Le deuxième fils du roi George V, Albert, souffre d'un grave problème de bégaiement, qui le rend incapable de s'adresser à une foule. Même s'il a rencontré de nombreux spécialistes qui lui ont prodigué tous les conseils imaginables, son problème ne se règle pas. Lorsqu'il fait la rencontre de Lionel Logue, un acteur amateur et spécialiste des troubles du langage aux méthodes peu orthodoxes, il est d'abord déstabilisé par son insolence. Mais ses entraînements portent leurs fruits, et Albert améliore sa diction. Lorsque son frère, devenu roi à la mort de leur père, décide d'abandonner ses fonctions pour épouser une femme divorcée, Albert devient le roi George VI, à l'aube de l'entrée en guerre de l'Angleterre contre l'Allemagne.

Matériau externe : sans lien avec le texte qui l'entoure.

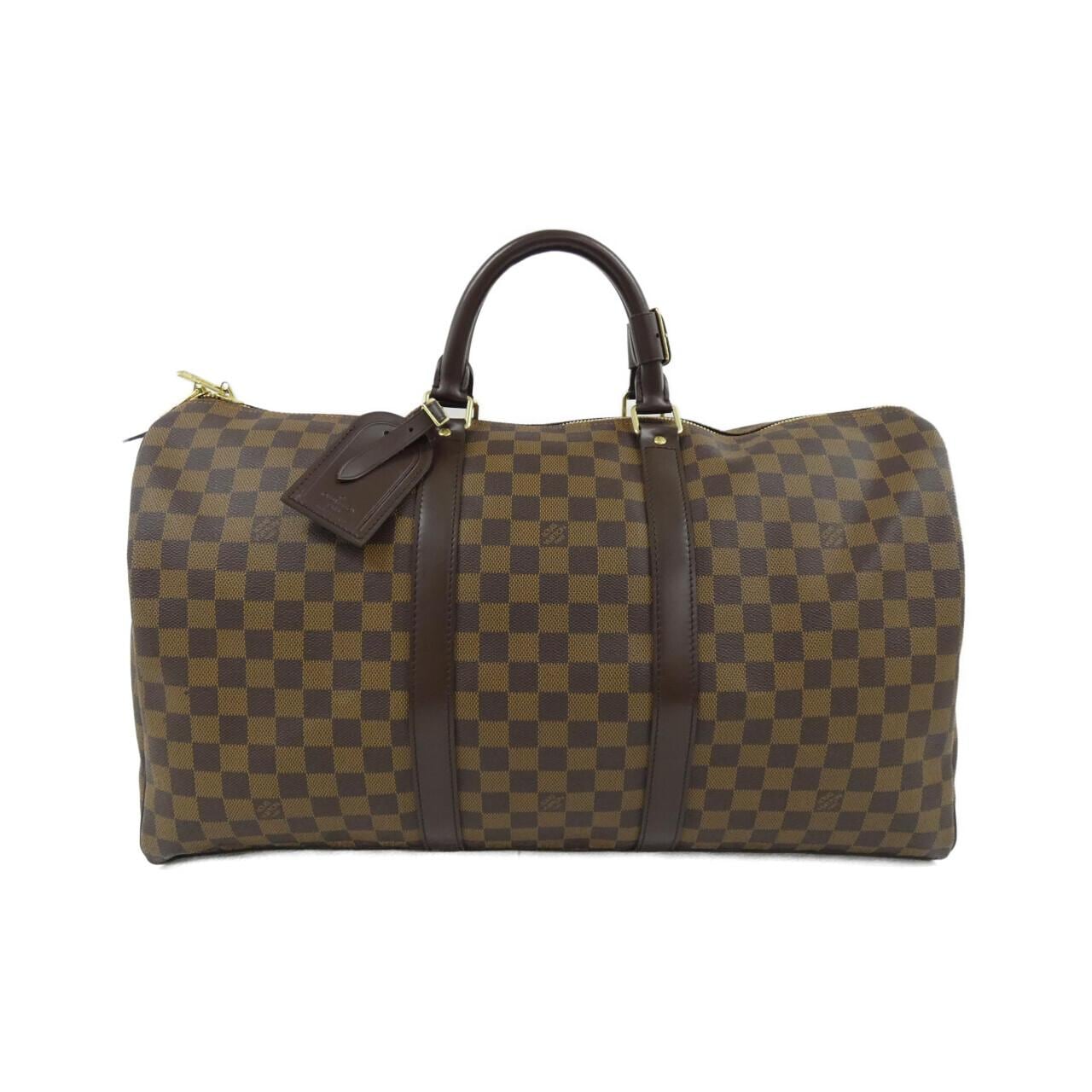 LOUIS VUITTON Damier Keepall 50 厘米 N41427 波士顿包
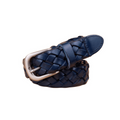 Masui Men's Braided Leather Belt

Ce Albert, ou Bertie, ou Sa Majesté George VI, est un personnage doté d'une forte répartie et d'un grand sens du devoir. Colin Firth lui insuffle toute cette complexité, cette rigueur britannique. Cet air altier du monarque confronté à la modernité et à la lourdeur des protocoles, en plus de cette frustration qui le ronge, font de ce personnage un sujet d'étude fascinant, qui est la force de The King's Speech. Une grande partie de l'humour du film - qui est étonnamment drôle, d'ailleurs - est basé sur le décorum qui entoure la présence d'un membre de la famille royale et l'insolence de Logue. Cela éloigne malheureusement le film de son noeud principal, de ce qui en faisait une oeuvre un peu originale : le bégaiement du roi. Tout le reste, c'est-à-dire ce qui se passe à l'extérieur du cabinet de Logue, est assez inutile ou vise simplement à faire plaisir aux spectateurs anglais (comme montrer la petite fille intelligente et enjouée qui deviendra Elisabeth II).
Mais à l'intérieur du cabinet, les méthodes proposées par Logue sont souvent inventives et efficaces, en plus d'être divertissantes. C'est la rencontre des comédiens qui est la plus impressionnante, cependant. Firth est un acteur brillant, l'un des plus efficaces de sa génération, qui est capable de tout jouer (sa désarmante performance dans A Single Man nous émeut toujours), alors que Geoffrey Rush, talentueux lui aussi, propose un Logue bien-intentionné et déterminé. Les deux acteurs, à leur meilleur lorsqu'ils se donnent la réplique (autrement, on vogue parfois vers la surenchère), sont particulièrement efficaces.
On ne peut en dire autant de la réalisation anonyme de Tom Hopper, tellement maniérée qu'elle gâche parfois la solennité des moments importants de l'Histoire que vit le Roi. C'est qu'on fait un grand cas d'un discours à la nation qu'il doit prononcer, alors que son impact dramatique - autant à l'intérieur du film que dans l'Histoire - est très mineur. La petite victoire d'un homme comme source d'inspiration pour la nation? C'est un peu court. Le film, lui, souffre de quelques longueurs, qui diminuent encore son impact. Mais The King's Speech est « intéressant ».